This is why a lot of my Black friends who grew up in France don’t have the same impetus to explore their Black cultures or bond through the Black experiences like my American and British counterparts do. While we can easily recall the racist history of the British Empire, America’s Jim Crow segregation, or South Africa’s Apartheid, France’s insistence on mandating color-blindness as an official public policy casts a convenient veil over its own dark history. The country’s swept all the problematic issues that stemmed from French colonialism under the rug and instead of confronting it, pretends it’s never existed.
A lot of French White people I know love to say that racism doesn’t exist anymore because they don’t see color. Yet there’s almost zero representation of BIPOC in most top universities, top employers, media, government, etc. BIPOC’s are extremely scarce, and when there is one present, he or she is often made fun of with derogatory racist terms like “bamboula,” “monkey,” or “banana eater.” This happened to Christiane Toubira, the French Minister of Justice and one of the first Black women in politics, who was described as a “Clever monkey that found her banana,” on the cover of the weekly French newspaper Minute.
Because of this lack of representation, certain stereotypes perpetuate themselves, and if you have a last name that sounds non-French in pronunciation, it’s likely you may face discrimination in employment and housing applications.
As a Black French citizen, I’ve personally experienced the negative effects of French color-blindness. At fashion school in Paris, three other Black students and I were interested in creating a Black support group, similar to ones seen on American or British college campuses. But people banding together publicly based on ethnicity is so antithetical to Frenchness that when we reached out to other French BIPOC’s, our request was met with crickets.
I’m half French and half Cameroonian, and when I moved to the United States at the age of three, my mom made it a point to teach my brother and me everything about race, from American slavery, the KKK, Jim Crow segregation, to the civil rights movement. When I was about 5-years old, I saw Martin Luther King Jr. as my personal hero.

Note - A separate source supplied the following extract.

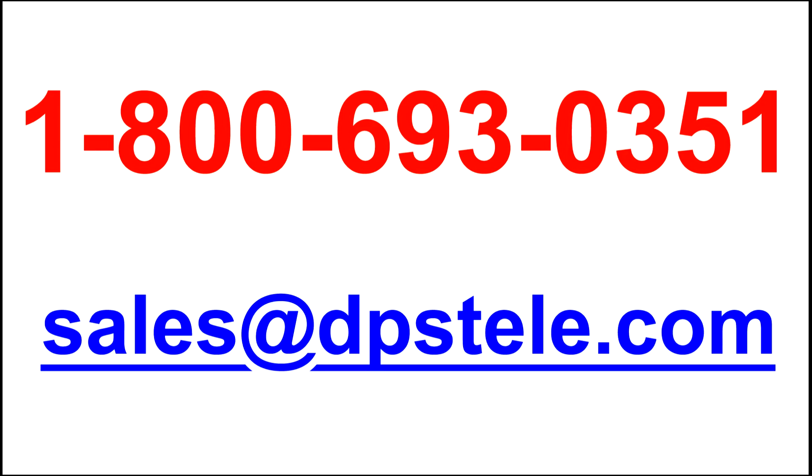For more information about D-wire sensors, call 1-800-693-0351.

Every time I saw images of lynchings, whippings, or the assassination of Martin Luther King Jr., I welled up and felt traumatized as if it were all a part of my own personal history, even though I’m not an American citizen.
But my French Black or mixed-race friends back in France don’t necessarily have that same emotional pull about racism, because it’s simply not taught anywhere in the French curriculum. At school in French history classes, we barely brushed upon France’s problematic colonial past and subsequent consequences.
The French government gave automatic citizenship to many nationals from newly independent colonies in the 60s and 70s so they could immigrate to France and rebuild what was destroyed after World War II. Yet, despite those immigrants and subsequent second and third-generation French people’s contributions to the country, many White people still have the audacity to tell BIPOC French citizens to their face that “You should go back to your country!”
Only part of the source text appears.